Dutch authorities have recorded the first medically assisted death of a child aged between one and 12 under the country’s expanded end-of-life regulations.
No information has been released about the child’s exact age, sex or medical condition. The case occurred in late 2025 and was reported to the specialist committee responsible for reviewing the termination of life involving children.
Dutch child euthanasia case follows 2024 rule change
The case is widely being described as euthanasia, although Dutch law makes an important distinction. Children aged 12 and over may personally request euthanasia under the general legislation. For terminally ill children between one and 12, termination of life is governed by a separate framework introduced in February 2024.
The procedure is permitted only when a child is suffering unbearably from a terminal condition, has no prospect of improvement and has no reasonable alternative capable of relieving the suffering, including palliative care.
The decision must be made by the doctor in consultation with the parents.
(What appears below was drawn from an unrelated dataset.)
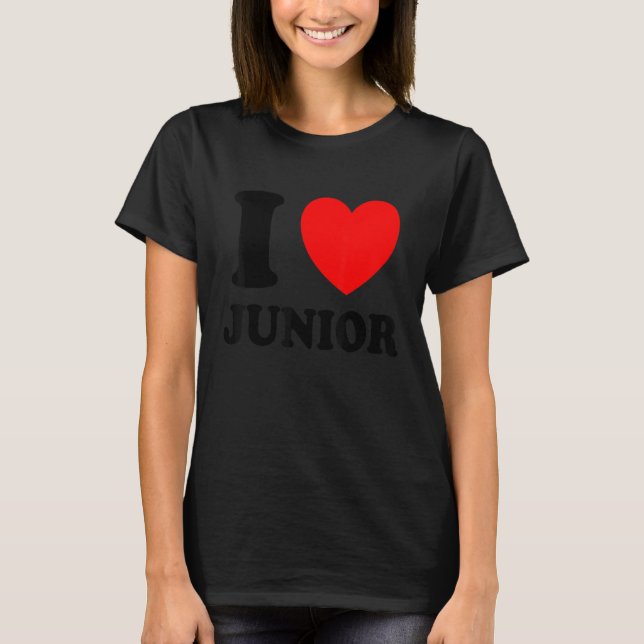 I Love Junior T-Shirt (Front)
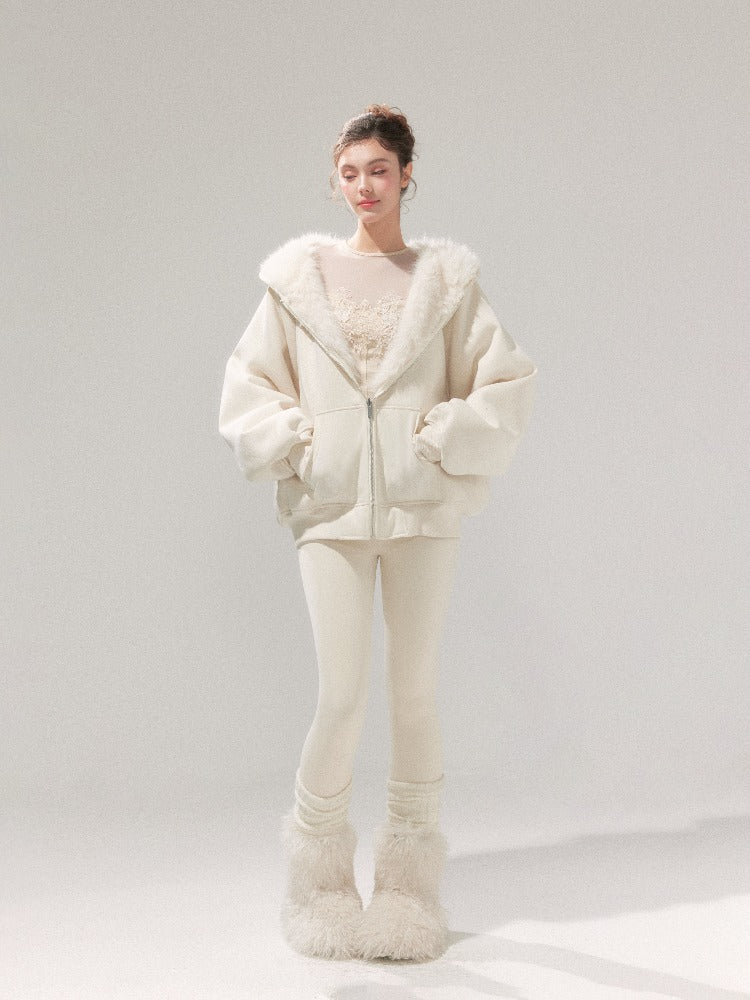 Reversible Hooded Sweatshirt &amp; Fleece Pants Set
The child must also be involved wherever their age and condition make this possible, and doctors must ensure that the procedure is not carried out against the child’s wishes.
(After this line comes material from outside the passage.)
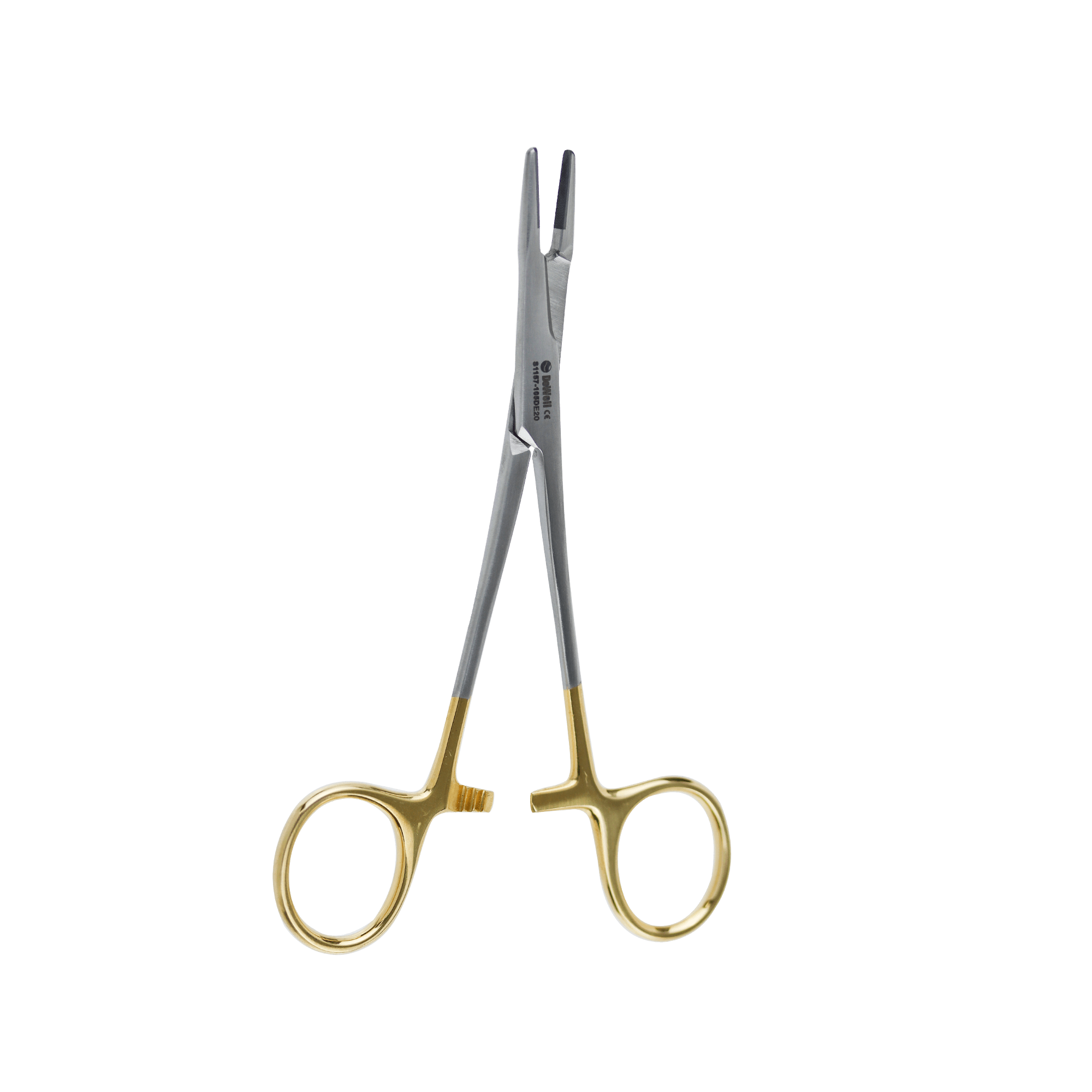Olson Hegar Needle Holder with Scissors-Tungsten Carbide 14cm-Straight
Every case is reviewed by a specialist committee, which assesses whether the doctor followed the required medical safeguards. Its conclusions are then forwarded to prosecutors, who determine whether the physician acted lawfully.
Euthanasia accounts for 6% of Dutch deaths
Euthanasia and assisted suicide have been legal under strict conditions in the Netherlands for more than two decades.
For patients covered by the general euthanasia law, the request must be voluntary and carefully considered. A doctor must establish that the suffering is unbearable and has no prospect of improvement, explain the patient’s condition and prognosis, and conclude that no reasonable alternative is available.
At least one independent doctor must also examine the patient and provide a written assessment. The Dutch review committees received 10,341 euthanasia notifications in 2025, representing 6% of all deaths in the country, approximately one in 17.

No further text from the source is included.